KOMPAS.com – PT Bank Rakyat Indonesia (Persero) Tbk atau BRI membantah kabar serangan siber ransomware Bashe yang diisukan terjadi pada sistem perbankannya. Pihak bank menegaskan seluruh layanan dan sistem perbankan masih berjalan normal.
Direktur Digital dan Teknologi Informasi BRI Arga M Nugraha menyatakan, pihaknya telah melakukan asesmen mendalam terkait isu tersebut.

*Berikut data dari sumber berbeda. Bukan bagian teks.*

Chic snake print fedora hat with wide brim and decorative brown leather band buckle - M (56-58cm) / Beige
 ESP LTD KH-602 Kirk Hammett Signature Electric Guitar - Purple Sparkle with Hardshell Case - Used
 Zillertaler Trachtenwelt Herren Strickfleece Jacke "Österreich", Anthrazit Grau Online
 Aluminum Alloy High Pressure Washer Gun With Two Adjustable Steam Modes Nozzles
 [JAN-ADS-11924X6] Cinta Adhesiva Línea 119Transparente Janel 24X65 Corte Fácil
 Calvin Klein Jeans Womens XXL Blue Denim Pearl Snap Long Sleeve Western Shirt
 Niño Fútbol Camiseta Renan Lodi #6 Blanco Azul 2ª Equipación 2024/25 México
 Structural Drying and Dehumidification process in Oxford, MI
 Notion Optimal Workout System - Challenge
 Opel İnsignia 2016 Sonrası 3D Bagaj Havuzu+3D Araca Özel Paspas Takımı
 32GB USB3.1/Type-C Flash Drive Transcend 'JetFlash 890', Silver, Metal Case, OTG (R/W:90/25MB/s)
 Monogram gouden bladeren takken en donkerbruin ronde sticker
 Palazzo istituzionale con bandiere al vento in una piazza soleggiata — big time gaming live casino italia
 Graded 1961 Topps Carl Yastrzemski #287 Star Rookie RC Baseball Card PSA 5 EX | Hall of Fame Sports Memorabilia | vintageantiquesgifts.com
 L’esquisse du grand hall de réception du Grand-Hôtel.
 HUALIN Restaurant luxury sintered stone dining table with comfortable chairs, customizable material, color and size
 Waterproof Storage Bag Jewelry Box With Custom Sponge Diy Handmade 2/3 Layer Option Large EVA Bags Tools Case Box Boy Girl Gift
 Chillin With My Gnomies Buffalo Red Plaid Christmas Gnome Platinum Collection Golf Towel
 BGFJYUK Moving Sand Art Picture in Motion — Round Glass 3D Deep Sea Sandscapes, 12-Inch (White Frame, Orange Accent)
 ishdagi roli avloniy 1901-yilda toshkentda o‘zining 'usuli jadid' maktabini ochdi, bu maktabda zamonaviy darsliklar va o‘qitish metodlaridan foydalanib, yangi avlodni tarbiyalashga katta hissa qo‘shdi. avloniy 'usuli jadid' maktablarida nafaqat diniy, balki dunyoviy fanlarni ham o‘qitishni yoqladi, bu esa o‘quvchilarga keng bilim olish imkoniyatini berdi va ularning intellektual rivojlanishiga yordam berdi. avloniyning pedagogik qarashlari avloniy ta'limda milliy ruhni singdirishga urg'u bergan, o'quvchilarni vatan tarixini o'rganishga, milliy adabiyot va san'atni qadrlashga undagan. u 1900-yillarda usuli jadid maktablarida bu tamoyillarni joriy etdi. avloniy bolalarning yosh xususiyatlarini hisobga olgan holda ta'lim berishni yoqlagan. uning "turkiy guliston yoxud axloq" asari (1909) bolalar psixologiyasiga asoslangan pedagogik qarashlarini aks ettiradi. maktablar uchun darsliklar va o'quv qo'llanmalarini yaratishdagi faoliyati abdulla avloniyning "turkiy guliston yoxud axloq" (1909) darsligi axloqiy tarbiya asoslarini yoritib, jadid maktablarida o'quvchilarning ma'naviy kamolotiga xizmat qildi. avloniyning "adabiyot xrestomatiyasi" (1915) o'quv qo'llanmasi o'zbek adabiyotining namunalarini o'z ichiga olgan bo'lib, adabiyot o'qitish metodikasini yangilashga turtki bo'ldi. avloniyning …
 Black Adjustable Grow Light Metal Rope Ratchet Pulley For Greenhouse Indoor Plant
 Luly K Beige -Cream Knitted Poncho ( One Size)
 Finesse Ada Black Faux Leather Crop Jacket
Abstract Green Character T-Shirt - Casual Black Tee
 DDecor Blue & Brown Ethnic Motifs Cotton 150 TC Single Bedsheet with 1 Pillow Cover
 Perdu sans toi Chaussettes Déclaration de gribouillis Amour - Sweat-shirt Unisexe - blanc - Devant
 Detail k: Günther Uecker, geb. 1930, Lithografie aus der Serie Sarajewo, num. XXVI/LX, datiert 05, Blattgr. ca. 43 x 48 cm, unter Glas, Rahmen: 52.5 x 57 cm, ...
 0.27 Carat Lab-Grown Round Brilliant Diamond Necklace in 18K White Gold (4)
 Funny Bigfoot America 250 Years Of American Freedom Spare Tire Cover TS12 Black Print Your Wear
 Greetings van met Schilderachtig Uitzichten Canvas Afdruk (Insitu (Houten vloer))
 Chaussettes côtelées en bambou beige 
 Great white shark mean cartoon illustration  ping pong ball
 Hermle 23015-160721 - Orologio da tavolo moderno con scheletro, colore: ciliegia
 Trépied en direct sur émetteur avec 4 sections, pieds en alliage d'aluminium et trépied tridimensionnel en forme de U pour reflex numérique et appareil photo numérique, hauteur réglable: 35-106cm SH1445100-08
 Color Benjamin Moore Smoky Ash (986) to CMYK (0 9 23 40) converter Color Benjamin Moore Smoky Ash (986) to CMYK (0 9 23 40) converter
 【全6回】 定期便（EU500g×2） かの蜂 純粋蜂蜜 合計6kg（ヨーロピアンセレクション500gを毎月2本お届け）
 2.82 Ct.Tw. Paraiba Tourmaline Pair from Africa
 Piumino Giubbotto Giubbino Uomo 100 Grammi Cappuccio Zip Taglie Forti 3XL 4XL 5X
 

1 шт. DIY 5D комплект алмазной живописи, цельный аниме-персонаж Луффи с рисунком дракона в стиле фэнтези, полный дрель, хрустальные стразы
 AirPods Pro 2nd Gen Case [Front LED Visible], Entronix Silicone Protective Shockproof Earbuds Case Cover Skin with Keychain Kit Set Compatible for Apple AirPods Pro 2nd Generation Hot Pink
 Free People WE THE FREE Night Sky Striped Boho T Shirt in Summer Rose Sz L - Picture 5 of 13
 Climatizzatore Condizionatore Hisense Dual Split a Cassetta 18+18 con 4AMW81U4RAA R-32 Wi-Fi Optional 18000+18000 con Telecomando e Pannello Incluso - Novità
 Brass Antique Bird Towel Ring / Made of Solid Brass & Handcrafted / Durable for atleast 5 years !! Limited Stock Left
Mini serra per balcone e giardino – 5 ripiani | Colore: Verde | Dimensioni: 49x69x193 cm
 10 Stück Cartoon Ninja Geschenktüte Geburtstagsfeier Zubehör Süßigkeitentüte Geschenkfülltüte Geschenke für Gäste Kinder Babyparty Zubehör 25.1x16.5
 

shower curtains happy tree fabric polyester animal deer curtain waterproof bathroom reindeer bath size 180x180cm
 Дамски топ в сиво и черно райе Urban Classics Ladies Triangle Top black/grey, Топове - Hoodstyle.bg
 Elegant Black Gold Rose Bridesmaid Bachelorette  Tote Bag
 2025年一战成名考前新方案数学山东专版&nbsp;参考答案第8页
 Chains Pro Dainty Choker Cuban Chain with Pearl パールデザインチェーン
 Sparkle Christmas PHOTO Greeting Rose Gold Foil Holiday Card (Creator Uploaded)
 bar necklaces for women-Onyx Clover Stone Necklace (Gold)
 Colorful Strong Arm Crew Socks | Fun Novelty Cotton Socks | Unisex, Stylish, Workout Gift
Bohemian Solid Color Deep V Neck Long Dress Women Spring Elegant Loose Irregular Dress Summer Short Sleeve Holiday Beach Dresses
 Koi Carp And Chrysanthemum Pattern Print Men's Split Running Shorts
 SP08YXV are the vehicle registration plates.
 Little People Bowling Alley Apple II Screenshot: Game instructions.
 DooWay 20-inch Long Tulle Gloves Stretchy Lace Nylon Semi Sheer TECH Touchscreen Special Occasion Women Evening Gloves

"BRI tidak menemukan adanya ancaman ransomware terhadap sistem kami. Asesmen lebih lanjut juga menunjukkan bahwa data yang dipublikasikan bukanlah data keluaran dari sistem BRI," ujar Arga dalam keterangan resmi yang diterima Kompas.com, Kamis (18/12/2024).
Isu serangan ransomware BRI bermula dari unggahan akun X @FalconFeedsio pada Rabu (18/12/2024) pukul 18.54. Unggahan tersebut menarik perhatian publik dengan mencapai 4,1 juta views, 2.300 reply, 5.200 repost, dan 11.000 bookmark.
Beberapa jam kemudian, tepatnya pukul 22.42, akun yang sama kembali mengunggah informasi tambahan terkait grup Bashe Ransomware. Dalam unggahan kedua yang mendapat 198.300 views ini, @FalconFeedsio mengungkap sejumlah detail tentang kelompok peretas tersebut.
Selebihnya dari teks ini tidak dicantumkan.